The U.S. Office of Surface Mining Reclamation and Enforcement wrapped up its final environmental impact statement on a request from a former subsidiary of Westmoreland Coal Co. to mine 53 million tons of coal from federal land in New Mexico.
The proposed Deep Lease Extension modification to the mining plan would add 10 to 15 years to the operation's life until 2033, allowing newly formed Westmoreland Mining LLC to produce about 3 million tons of coal annually from the San Juan mine, according to a March 1 decision posted in the Federal Register on March 15. The modification would not add any acres of federal surface land to the operation but would allow miners to recover coal from nearly 4,500 underground acres of federal coal.
However, the San Juan mine sells its coal to the San Juan Generating Station, which is slated to retire in 2022 once its contract with the mine expires.
The agency preferred an alternative that assumes the plant closes its remaining coal-fired units in 2022 and the coal is then sold on the open market, which could include sales to a potential buyer of the plant.
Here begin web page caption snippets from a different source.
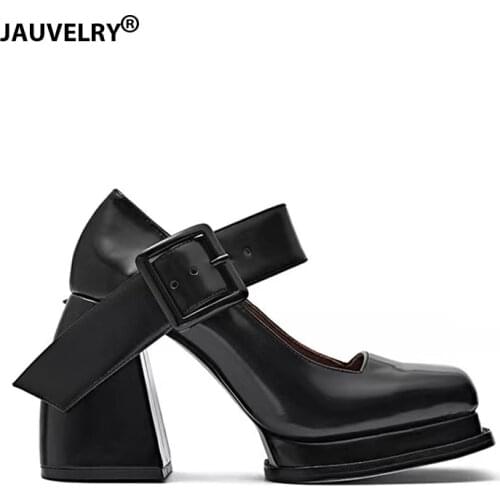 2021 Mary Janes Shoes Women Black Fashion New Brand High Heels Woman Square Toe Loafers Retro Pumps Platform Shoes Women
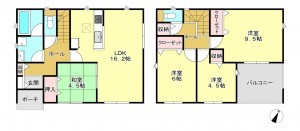 真岡市東光寺、新築一戸建ての間取り画像です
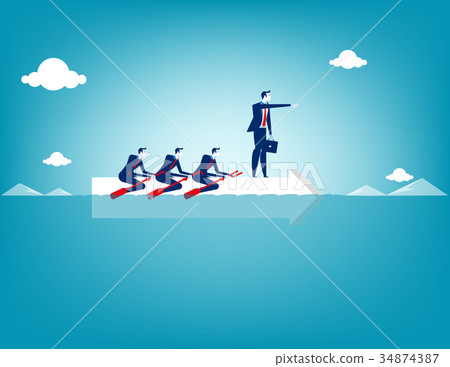 Business teamwork on rowing. Concept business. Business teamwork on rowing. Concept business. 34874387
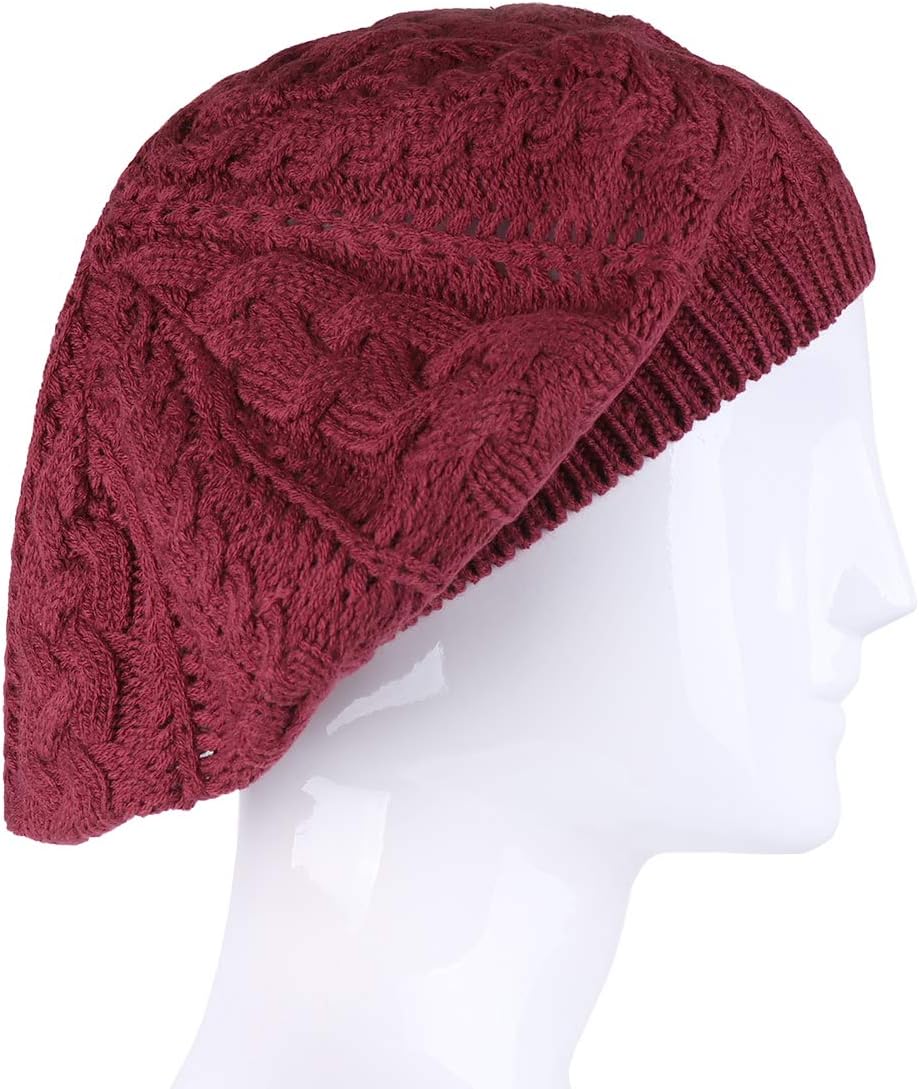 Nollia Soft Knit Solid Color Beanie, Chic, and Lightweight Crochet Knitted Style Beanie Hat for Women, One Size Slouchy Hat Burgundy - Image 5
Under that option, mining would continue at the same rate from 2023 through 2033.
Should the agency deny the modification, mining will stop in the Deep Lease Extension on Aug. 31. All mining at the mine would stop in December, and the plant would stop burning coal about six months later.
Approving the modification would have a long-term but minor impact on air quality and a permanent but minor effect on climate change, according to the impact statement. The proposal would have a permanent but minor effect on groundwater quality. The impact to surface water quality would be long-term and minor.
The agency will issue a recommendation on the mining plan modification within 30 days of the impact statement's publication to the office of the Assistant Secretary for Land and Minerals Management, which will then make a final decision.